Maribeth Wilder Doerr

Shades of Healing ~ Creating a Wholehearted Life

Shades of Healing – Holding Space for Myself

My Mom, Marie Wilder May 14, 1928 - July 30, 2011

My Mom, Marie Wilder
May 14, 1928 – July 30, 2011

This is my mom, Marie. Last Saturday, May 14, would have been her 88th birthday. May 14 is also my birthday.  Fifty-seven years ago, I got to be someone’s birthday present. After two boys who were 11 1/2 and 7 1/2, my mom didn’t think a baby girl was in the picture. Then I came along, on her birthday, a week late, and she hadn’t spoken to her husband, my dad, in two weeks. He went on a bowling tournament out of town when she was 39 weeks pregnant. I probably wouldn’t have spoken to him either! On the morning of her 31st birthday, my dad dropped mom off at the hospital and went to work. He stopped by the hospital on his way home from work to see if anything had happened. That’s when he found out from his sister, the head OB nurse, that he had a daughter (he was still getting the silent treatment).

Two days later, he walked into my mom’s hospital room on his way home from work and asked my mother if I’d been circumcised yet. Reportedly, my aunt said, “Brother dear, you do know babies come in different styles, don’t you?” That’s when my mother took pity on him and started talking to him again, probably by first laughing her head off.  Such was my beginning into the world 😀

Because I had these two older wilder (yes that’s a pun on my maiden name) brothers, my mom was afraid I would turn out terribly spoiled. She asked my pediatrician about it and he told her, “Mrs. Wilder, she’s not spoiled; she’s just well loved.” And that was what my mother did best – she loved well. She was critical and judgmental but she loved well. It took someone who didn’t have her mother’s love to point this out to me. Life is amazing like that.  Six weeks before she died, my mother threw her arms around me and said, “you are the love of my life!”  She’d never said anything like that to me before.  Looking back, I’m sure she knew she was dying.  A lot of old hurts healed in that one spectacular moment, and I can still feel that hug and her breath on my neck as she said those words, as if it happened a second ago.

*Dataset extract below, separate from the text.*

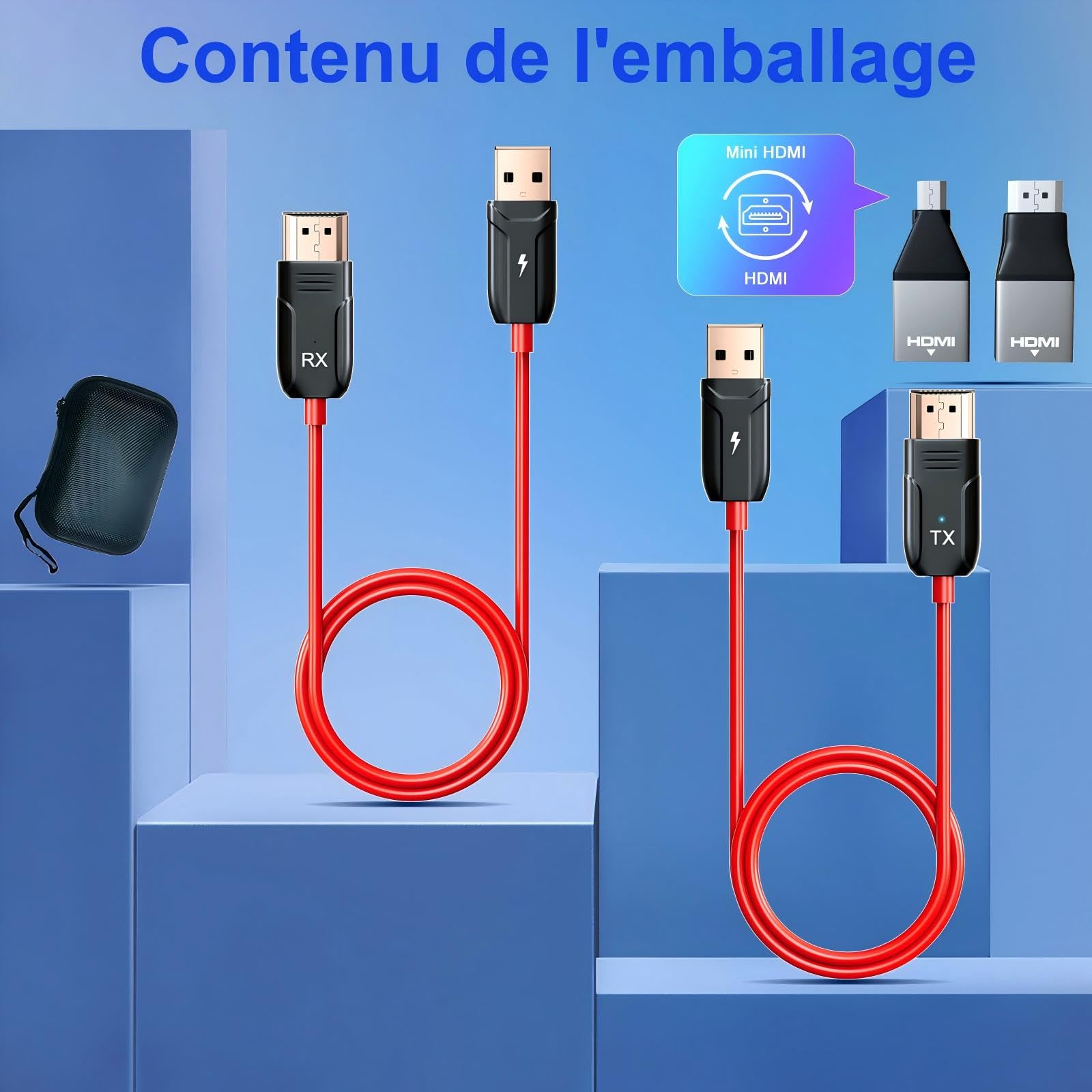 LXJADAP HDMI sans Fil, décodage 4K 1080P Émetteur et récepteur HDMI sans Fil pour Le Streaming de fichiers vidéo et Audio d'un Ordinateur Portable ou d'un PC vers Une TV HD ou Un projecteur, Rouge
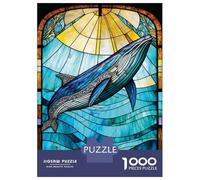 Rompecabezas para Adultos De 1000 Piezas Blue Whale Stained Glass Rompecabezas para Adultos Juego De Ingenio Ensamblaje De Patrones Juego Desafiante Regalos 52x38cm/1000pcs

I miss her everyday, but especially every May 14. Out of the 52 years we had, we spent 50 birthdays together. My parents worked hard to make that happen! I tend to not quite know to do with myself on my birthday these days but it’s not a sad day either; it’s just very different. I’ll figure it out eventually!  In the meantime, I hold space for my own healing (see previous post on holding space – yes, we can hold space for ourselves too!).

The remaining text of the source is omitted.